CS Lewis was born in east Belfast in 1898. He became known and loved world-wide for his many books, especially The Chronicles of Narnia. Join professional tour guide and accomplished storyteller Lolly Spence for an introduction to parts of East Belfast associated with the Lewis family. Many of them were to exert a powerful influence on the young Clive Staples Lewis. Or ‘Jack’, as he was usually called.
The route you take with Lolly will vary according to time available and fitness levels - but it will usually include, among other stops, several of the ones we mention below.
Let’s start with the square named for the man himself. On C.S. Lewis Square Lolly will introduce you to a series of sculptures representing characters from The Lion, The Witch and The Wardrobe, including Aslan, the White Witch, Mr Tumnus and the Beavers.
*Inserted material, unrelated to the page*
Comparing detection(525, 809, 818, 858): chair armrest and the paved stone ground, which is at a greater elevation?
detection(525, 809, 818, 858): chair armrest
In the adjacent park you’ll also find a statue called “The Searcher”. It portrays Lewis himself entering that famous portal to Narnia. As Lolly will point out, the author is also remembered in Belfast today with murals, street names and an impressive Reading Room at Queen’s University. You enter it by passing through a wardrobe door!
St Mark's, Dundela, is the church in which the baby Lewis was baptised in 1899 and was to attend as a boy. In his book The Screwtape Letters he wrote about the fight between the God he would have prayed to here - and the Devil. Lolly will bring you to see the rectory next door where Lewis’s grandfather used to live. Imagine you are a small boy standing in front of its door - then look up at the doorknob: it has a lion on it - you can almost feel the magic.
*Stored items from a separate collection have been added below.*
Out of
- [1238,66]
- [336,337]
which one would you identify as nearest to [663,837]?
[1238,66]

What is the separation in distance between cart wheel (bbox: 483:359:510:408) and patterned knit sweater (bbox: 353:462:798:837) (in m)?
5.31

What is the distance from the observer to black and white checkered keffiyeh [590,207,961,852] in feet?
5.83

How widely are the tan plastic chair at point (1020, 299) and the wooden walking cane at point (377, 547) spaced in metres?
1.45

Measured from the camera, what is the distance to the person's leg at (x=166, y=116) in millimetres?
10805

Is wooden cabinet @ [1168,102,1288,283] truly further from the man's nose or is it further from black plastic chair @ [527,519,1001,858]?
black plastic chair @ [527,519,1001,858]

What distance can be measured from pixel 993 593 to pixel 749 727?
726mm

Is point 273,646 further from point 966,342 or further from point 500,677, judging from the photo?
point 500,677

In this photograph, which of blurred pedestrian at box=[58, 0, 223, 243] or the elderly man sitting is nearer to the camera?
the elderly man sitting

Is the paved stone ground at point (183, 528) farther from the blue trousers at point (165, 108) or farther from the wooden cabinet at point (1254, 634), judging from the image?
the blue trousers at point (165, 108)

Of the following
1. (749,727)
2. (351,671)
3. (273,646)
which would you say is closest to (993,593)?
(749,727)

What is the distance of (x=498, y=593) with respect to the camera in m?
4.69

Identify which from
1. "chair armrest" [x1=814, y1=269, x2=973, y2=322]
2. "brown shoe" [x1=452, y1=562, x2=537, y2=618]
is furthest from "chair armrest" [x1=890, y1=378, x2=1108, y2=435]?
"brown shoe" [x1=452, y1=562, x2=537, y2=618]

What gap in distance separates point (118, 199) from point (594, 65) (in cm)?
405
Also nearby is the site of Dundela Villas, the house where CS Lewis and his older brother, Warren Hamilton Lewis, were born. Today a blue plaque marks where this first family home once stood. It wasn’t too far away from Little Lea, today in private ownership, where the family moved in the early 1900s. Here the young Lewis's imagination was fired by the house’s many rooms, views of the distant mountains and day-to-day life amongst the residents of Belmont and Strandtown, an area he always loved.
For one term, he attended Campbell College, a private school in East Belfast. One of the first things you see in its grounds is a lamppost. The same one, perhaps, that young Lucy sees when she enters Narnia?
At the end of your tour, you might stop in at The Lamppost Cafe, near CS Lewis Square. It's a family-run cafe, designed to give you a flavour of Narnia. Lewis once wrote, "Eating and reading are two pleasures that combine admirably”. He also lamented that “you can't get a cup of tea big enough or a book long enough to please me”! In the Lamppost Cafe, you can do both, while admiring the Narnian-themed artwork, the winter-wonderland decor and the CS Lewis touches all around.
Lolly may have time to mention the many features of the landscape outside the city that made their presence felt in Lewis’s writings. The impressive ruins of Dunluce Castle, for instance. The ancient stone megaliths which dot the countryside. Or the distant Mourne Mountains which may have inspired Narnia. As Lewis once wrote in a letter to his brother, 'I have seen landscapes, notably in the Mourne Mountains…which under a particular light made me feel that at any moment a giant might raise his head over the next ridge’.
Allow Lolly to conjure up that ‘particular light’ on this tour and who knows what you might see.